The following sections can help you identify the general nature of some connection problems.

Client Cannot See the MATLAB Job Scheduler

If you cannot locate or connect to your MATLAB Job Scheduler with parcluster, the most likely reasons for this failure are:

  • The MATLAB Job Scheduler is currently not running.

  • Firewalls do not allow traffic from the client to the MATLAB Job Scheduler.

  • The client and the MATLAB Job Scheduler are not running the same version of the software.

  • The client and the MATLAB Job Scheduler cannot resolve each other's short hostnames.

  • The MATLAB Job Scheduler is using a nondefault BASE_PORT setting as defined in the mjs_def file, and the Host property in the cluster profile does not specify this port.

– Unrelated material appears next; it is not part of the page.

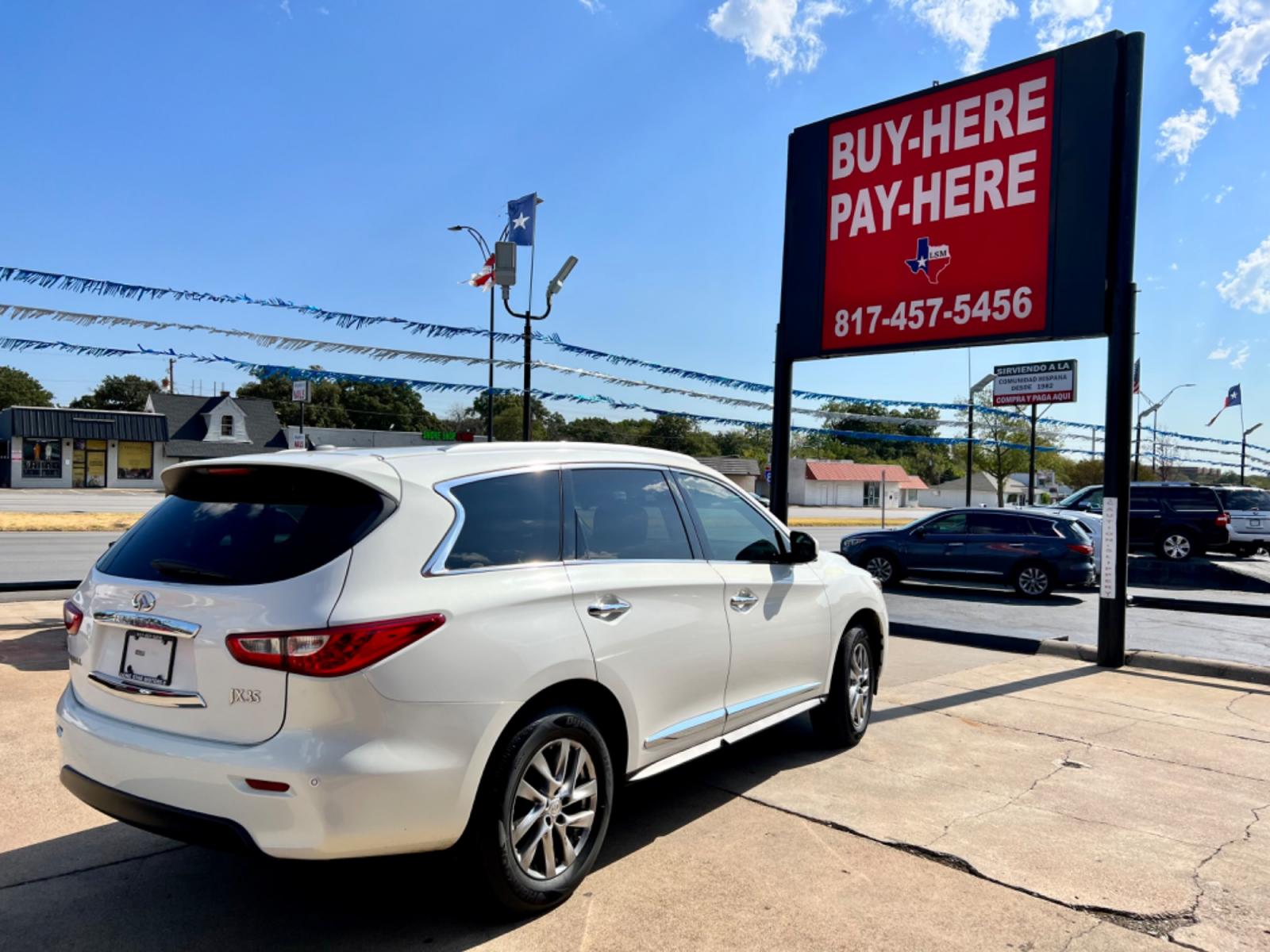 2013 WHITE INFINITI JX35 BASE (5N1AL0MN3DC) , located at 5900 E. Lancaster Ave., Fort Worth, TX, 76112, (817) 457-5456, 0.000000, 0.000000 - This is a 2013 INFINITI JX35 BASE 4 DOOR SUV that is in excellent condition. There are no dents or scratches. The interior is clean with no rips or tears or stains. All power windows, door locks and seats. Ice cold AC for those hot Texas summer days. It is equipped with a CD player, AM/FM radio, AUX - Photo #6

MATLAB Job Scheduler Cannot See the Client

If a warning message says that the MATLAB Job Scheduler cannot open a TCP connection to the client computer, the most likely reasons for this are

  • Firewalls do not allow traffic from the MATLAB Job Scheduler to the client.

  • The MATLAB Job Scheduler cannot resolve the short hostname of the client computer. Use pctconfig to change the hostname that the MATLAB Job Scheduler will use for contacting the client.

"One of your shell's init files contains a command that is writing to stdout..."

The example code for generic schedulers with non-shared file systems contacts an sftp server to handle the file transfer to and from the cluster's file system. This use of sftp is subject to all the normal sftp vulnerabilities. One problem that can occur results in an error message similar to this:

One of your shell's init files contains a command that is writing to stdout,
interfering with RemoteClusterAccess.
The stdout read was:
<some output>

Find and wrap the command with a conditional test, such as

	if ($?TERM != 0) then
		if ("$TERM" != "dumb") then
			<your command>
		endif
	endif

The sftp server starts a shell, usually bash or tcsh, to set your standard read and write permissions appropriately before transferring files. The server initializes the shell in the standard way, calling files like .bashrc and .cshrc. The problem occurs if your shell emits text to standard out when it starts. That text is transferred back to the sftp client running inside MATLAB, and is interpreted as the size of the sftp server's response message.

To work around this error, locate the shell startup file code that is emitting the text, and either remove it or bracket it within if statements to see if the sftp server is starting the shell:

if ($?TERM != 0) then
    if ("$TERM" != "dumb") then
        /your command/
    endif
endif

You can test this outside of MATLAB with a standard UNIX or Windows sftp command-line client before trying again in MATLAB. If the problem is not fixed, an error message persists:

> sftp yourSubmitMachine
Connecting to yourSubmitMachine...
Received message too long 1718579042

If the problem is fixed, you should see:

> sftp yourSubmitMachine
Connecting to yourSubmitMachine...